Greg, who is the manager/caretaker of the tank at La Casa, explained to me that floatation is particularly well suited for those of us who meditate, because an hour of lying suspended in brine, deprived of sight and sound, opens up access to our interiority in ways that otherwise might take years to accomplish sitting cross-legged on the mat. Put it this way: by the end of my first hour, I had already sloughed off my skin and was just getting ready to ascend a shimmering column of light. Unfortunately before I could begin the ascent, there was a light tap on the door announcing that my hour was up.
I realize the better practice among spiritually minded folks is to be discrete when it comes to discussing personal Enlightenment. It can be irksome, to say the least, to hear some social media savvy sadhu blather on and on about their voyage of inner discovery. But please remember, this is floatation I’m talking about, not samadhi – it’s a straight up commercial transaction that’s open to any of us with sufficient cash or credit. So I hope you won’t mind if I provide a slightly more detailed description of what I saw and felt lying there in the murk.
As it turns out, one of the most striking aspects of floatation is the panorama it provides of darkness itself. Simply being in a blackout chamber ushers us into this landscape of vast tranquility – presenting a vista of emptiness that is as majestic and sweeping as an Ansel Adams photograph. Opening and closing your eyes makes no difference. Between the inner and outer landscape there appears not a hair’s breadth of difference as you find yourself relaxing into near perfect equilibrium. For those of us who often struggle to find balance when we meditate, this gift of darkness is a powerful discovery and a boon in itself.
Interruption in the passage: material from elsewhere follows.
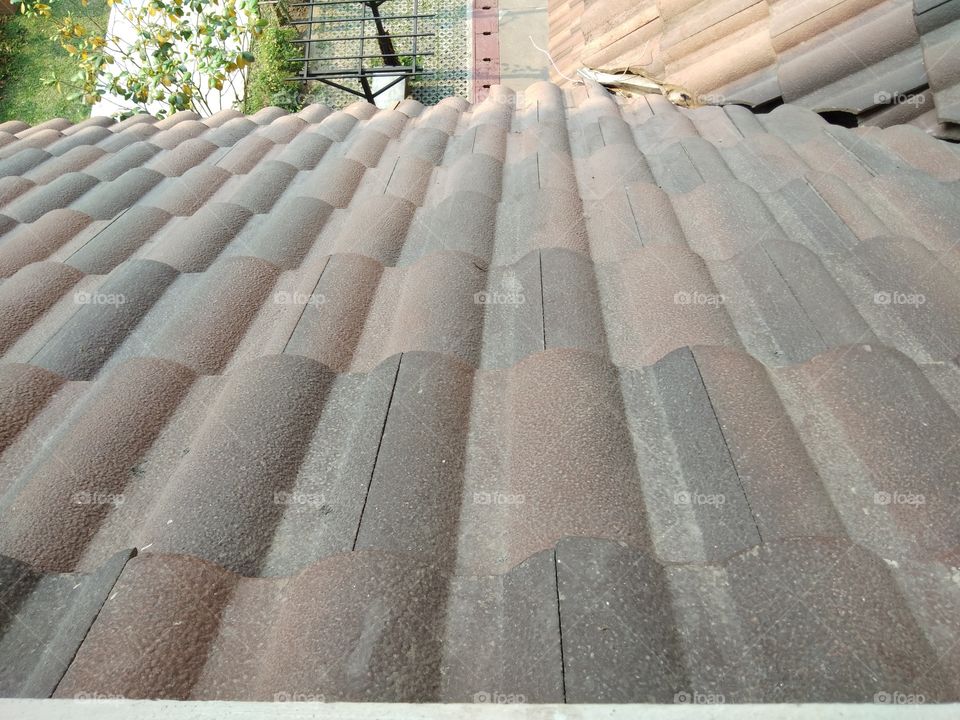 Close up of roof tiles that have been used for a long time.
And floatation supercharges the experience. There is really no physical sensation quite like it that I know of. It’s more peaceful and relaxing than sleep as I soon found myself breathing with extraordinary depth. You are awake and yet liberated from gravity and suspended from the conventions of every day existence in Cartesian space. But for the fact of my steady deep breathing, it reminded me of my earliest days, that is of life in the womb, except a floatation tank is not nearly so cramped or confining as the last few months in utero, when, at least to the best of my recollection, one always ended up feeling like a contortionist. Instead, floating makes you feel loose limbed, so much so your limbs drift apart and begin to detach from your torso. As you lie there suspended in darkness, it feels far too spacious to be womb-like; or rather it’s more like entering the womb of space-time itself.
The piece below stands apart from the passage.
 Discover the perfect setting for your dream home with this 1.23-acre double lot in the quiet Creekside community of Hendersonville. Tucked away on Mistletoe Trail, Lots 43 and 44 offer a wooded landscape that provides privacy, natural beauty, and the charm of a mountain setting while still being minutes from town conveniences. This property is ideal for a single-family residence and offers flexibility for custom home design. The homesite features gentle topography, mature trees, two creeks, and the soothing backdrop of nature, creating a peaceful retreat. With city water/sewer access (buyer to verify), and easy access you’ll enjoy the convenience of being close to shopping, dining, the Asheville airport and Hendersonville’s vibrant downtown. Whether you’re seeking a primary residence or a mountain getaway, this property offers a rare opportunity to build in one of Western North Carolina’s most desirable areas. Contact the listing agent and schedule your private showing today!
Of course, all too soon the tap comes on the door announcing bath time is over. Yet as you emerge from the tank and gradually re-acclimate yourself to everyday reality, this wonderful sense of deep relaxation persists. I can’t promise that you will have attained the vertical lift of Steph Curry but in the case of someone far less nimble (such as myself) I nonetheless found myself continuing to float as I reclaimed the streets of midtown. Not unlike a figure in a Chagall painting, there I was buoyant and aloft, if not soaring, through the canyons of Manhattan, my limbs only tenuously attached. This is what it means to float. I hope you can find a tank nearby and discover the pleasures for yourself.